According to Anatel (the National Telecommunications Agency), the “pilot” switch-off of analog broadcasts will begin in November this year in the city of Rio Verde in the state of Goiás, and will then continue for three years, when it is estimated that at least 93% of all households in each municipality receiving open broadcast TV will be ready to connect with digital. This would represent a first challenge for the Brazilian government, as it will have to guarantee access to this technology in all of the country’s 5570 municipalities, taking into account regional differences in terms of infrastructure, economic and social development.
In the case of public television, the digital transition becomes even more relevant, given the expectations regarding its reorganization, which have mainly been voiced by Tv Brasil, one of the largest public broadcasting networks, and owned by Empresa Brasil de Comunicação (2010) which also includes media outlets such as Agência Brasil, Radioagência Nacional, Tv Brasil Internacional, and the MEC AM and FM radio stations, among others.
Samuel Possebon, editorial director of Covergecom (Converge Comunicações), the main Brazilian media group that constantly accompanies the telecommunications market, shared his views with Observacom, and stated that the outlook for public
television coverage and its inclusion in digital technology does not look very promising, for as he stated “there’s a problem, apart from there being no reserve set aside for new channels, because in many cities funding is needed to build a better infrastructure for networks from a technical point of view. And there is no guarantee that this will happen. What does exist is a task, particularly for tv Brazil in the sense of trying to convince the government to create a network operator for the public television service, which should be undertaken by a single body. This could be a private or state company, a consortium or something else, but which is responsible for building an infrastructure that can be shared by all public broadcasters.”
It should also be remembered that although Brazilian public television has had important moments, such as its emergence in 1968 with the University of Pernambuco station, or the launch of the legislature channel in 1990, it wasn’t until 2007 when a more consolidated process began, starting with EBC (Empresa Brasil de Comunicação), which was created to “strengthen the public communications system”, according to its website. Another significant milestone in public television was the beginning of the simultaneous transmission of the RNCP (the National Public Communications Network), which TV Brasil also belongs to, along with the educational stations of 23 Brazilian states.
However, the growth of spaces for public television and even access to digital and other technologies, have not guaranteed success in terms of coverage or preferences of the Brazilian public, who have overwhelmingly chosen to watch the programs of commercial broadcasters.
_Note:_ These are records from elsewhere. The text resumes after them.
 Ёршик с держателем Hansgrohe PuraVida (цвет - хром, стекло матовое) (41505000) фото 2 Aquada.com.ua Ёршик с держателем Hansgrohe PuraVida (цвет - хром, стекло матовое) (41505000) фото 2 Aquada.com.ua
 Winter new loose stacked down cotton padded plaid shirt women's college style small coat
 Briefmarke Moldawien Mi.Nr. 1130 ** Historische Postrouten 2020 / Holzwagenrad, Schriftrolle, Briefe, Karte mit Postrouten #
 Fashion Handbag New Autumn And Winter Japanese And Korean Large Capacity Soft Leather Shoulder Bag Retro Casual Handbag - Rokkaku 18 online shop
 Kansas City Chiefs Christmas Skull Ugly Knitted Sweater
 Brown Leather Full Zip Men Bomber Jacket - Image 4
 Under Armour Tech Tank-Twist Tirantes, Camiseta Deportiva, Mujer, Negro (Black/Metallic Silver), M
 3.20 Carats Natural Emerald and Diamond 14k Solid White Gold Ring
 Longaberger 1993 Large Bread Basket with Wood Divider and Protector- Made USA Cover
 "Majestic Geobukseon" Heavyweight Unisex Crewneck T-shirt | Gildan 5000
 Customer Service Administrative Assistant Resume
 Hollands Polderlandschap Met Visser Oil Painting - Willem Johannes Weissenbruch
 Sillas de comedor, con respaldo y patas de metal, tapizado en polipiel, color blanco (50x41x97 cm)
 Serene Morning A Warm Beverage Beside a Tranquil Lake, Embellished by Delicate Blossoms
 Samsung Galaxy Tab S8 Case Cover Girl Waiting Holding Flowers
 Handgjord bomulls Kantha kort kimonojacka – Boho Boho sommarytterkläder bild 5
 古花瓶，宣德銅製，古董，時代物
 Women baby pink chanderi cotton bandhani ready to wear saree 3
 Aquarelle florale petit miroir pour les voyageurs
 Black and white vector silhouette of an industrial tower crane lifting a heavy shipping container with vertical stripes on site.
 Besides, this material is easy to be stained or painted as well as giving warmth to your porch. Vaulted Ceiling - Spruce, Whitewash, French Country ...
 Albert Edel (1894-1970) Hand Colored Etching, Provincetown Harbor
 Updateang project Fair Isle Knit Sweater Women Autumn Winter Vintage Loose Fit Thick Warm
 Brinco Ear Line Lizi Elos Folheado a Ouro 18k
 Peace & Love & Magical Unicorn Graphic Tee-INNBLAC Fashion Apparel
This can be observed in the audience ratings that reveal a rather uneven balance between both sides; for example, the primetime slot of media giant Globo has an average rating of 33%, while that of TV Cultura only captures 3% of the viewing public according to a survey carried out by Ibope (Brazilian Institute of Public Opinion and Statistics).
“Public TV has two challenges, the first is the huge difficulties of distribution, as it reaches only a few large urban centers or is embedded in the cable TV network, thus the challenge of distribution is still pending. However, there is a problem that is still far from being resolved, and that is in terms of its audience. Public TV has been unable to win over the Brazilian public, and is not a reference for viewers in terms of entertainment or news,” points out the editor of Covergecom.
Given these circumstances, highlighting the main challenges for public television channels continues to be an important, as there are various aspects to consider: the recent linkages between public television and the emergence of the RNPC, which is a process that has still not been fully developed; the digital transition which is still on-going; the lack of consolidation of projects such as that proposed by TV Brasil for the setting up of necessary infrastructure, and the negotiations that are to be carried out based on specific proposals that have been made to the Brazilian Congress regarding this issue.
To state whether the outlook is promising for public television in Brazil within the next few years is difficult in a setting in which it appears that this process is progressing slowly, and against challenges such as the unfair competition with major TV networks such as Rede Globo, SBT (Sistema Brasileiro de Comunicação), Rede Record and TV Band. Added to this is the still nonexistent articulation between public media and the legislative branch to discuss new openings, and the stagnation that has been noted for various years with respect to attempts by the Workers Party and civic organizations to resolve the issue of economic regulation of the media.
However, to say that the success of public TV is far from certain would be irresponsible, as attention needs to be given, among other aspects, to the outcome of the realignment of digital transmissions to see if there is any possibility of winning new broadcasting spaces. What is certain is that public television in Brazil continues to exist. This year one of its stations, Tv Cultura, was named by the British research institute Populus as the second highest-quality channel in the world, second only in fact to the British Broadcasting Corporation (BBC) itself.